2019年度世界を知る会

「国境なき子どもたち」講演会

7月7日(日)中央公民館 集会室にて、「2019年度世界を知る」が開催されました。
講師は、NPO法人「国境なき子どもたち」(KnK)の職員でフォトグラファーの清水匡さんです。今回は特に日本の中高生から公募した二人の「友情のレポーター」の目を通して取材したフィリピンのストリートチルドレンの実態を中心にお話ししていただきました。
会場風景
 
講師プロフィール  
神田外語大学卒業。自然映画会社でカメラマンを務め『NHKスペシャル』や『生きもの地球紀行』などの制作に携わる。渡英し介護職に従事。帰国後、国境なき医師団日本の映像部にてアフリカやアジアの活動現場の撮影・編集を担当。2003年よりNGO「国境なき子どもたち」(KnK)に勤務。支援活動のかたわら、世界の子どもたちの現状を伝えるためフォトグラファーとして活動する。
受賞歴:
第24回酒田市土門拳文化賞奨励賞(2018年)
Px3(Paris Photo)「Honorary Mention」(2018)
第4回日経ナショナルジオグラフィック写真賞「ピープル部門」優秀賞(2015年)
International Photo Award 「Honorary Mention」(2015、2016、2017、2018)
個展
国境なき子どもたち写真展2018 「Class Rooms―子どもとしての時を過ごす場所―」(2018年)
写真集:
「Class Rooms―子どもとしての時を過ごす場所―」(自費出版/2018)
共書:
『ぼくは12歳、路上で暮らし始めたわけ』(国境なき子どもたち著/合同出版/2010年)
『わたしは13歳、シリア難民。―故郷が戦場になった子どもたち―』(国境なき子どもたち著/合同出版/2018年)
コンタクト:
URL:www.kyoshimizu.jp
E-mail:kyoshimizu@hotmail.com
Address:〒274-0077千葉県船橋市薬円台1‐17‐6
携帯:090-6471-9962
 
 フィリピンは人口、面積とも日本とほぼ同じか少し小さい。キリスト教徒が93%で、国別英語能力指数は日本の49位に対して14位。
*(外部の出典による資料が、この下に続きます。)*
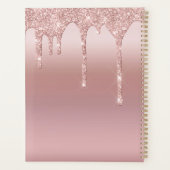 Monogram Roos Gold Drip Glitter Blush Pink Trendy Planner (Achterkant)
 貧困の状況一日1.90ドル(206円)未満で暮らす人の割合…13%
子どもの貧困率…31.4%
劣悪な環境で労働に従事している子ども…320万人
学校に行かずに働いている17才の子供の割合…40%以上
 路上で生まれる
  
 実は生まれたのは路上ではなく、墓地。
墓地のほうが路上より安全。死んだ人は怖くない。生きている人のほうが怖い。

 路上で生きる

   
 シンナーを吸って空腹をまぎらわせる。
 鑑別所
  補導された子どもたちは鑑別所に収容され、殺人犯と同じ空間に入れられる。
子どもの権利条約 四つの柱
・生きる権利

・育つ権利

・守られる権利

・参加する権利
 子どもが子どもらしく生きるという「当たり前な事」が守られなければならないが、まずは1人1人の子どもの人生がちょっとだけでもよくなるようにしたいと清水さんは言う。
 KnKでは、シリア、パキスタン、パレスチナなど七つの国と地域で教育支援、若者の家、チルドレンセンターを運営している。最後の写真は東日本大震災の時にKnKが支援した臨時教室。
 
 
 最後に活発な質疑応答があり、日本人にもできることは何かとか、日本でも貧困や虐待が増えているが、世界中の子どもたちの目がキラキラ輝くようになるにはどうすればいいかなど、活発な議論がなされた。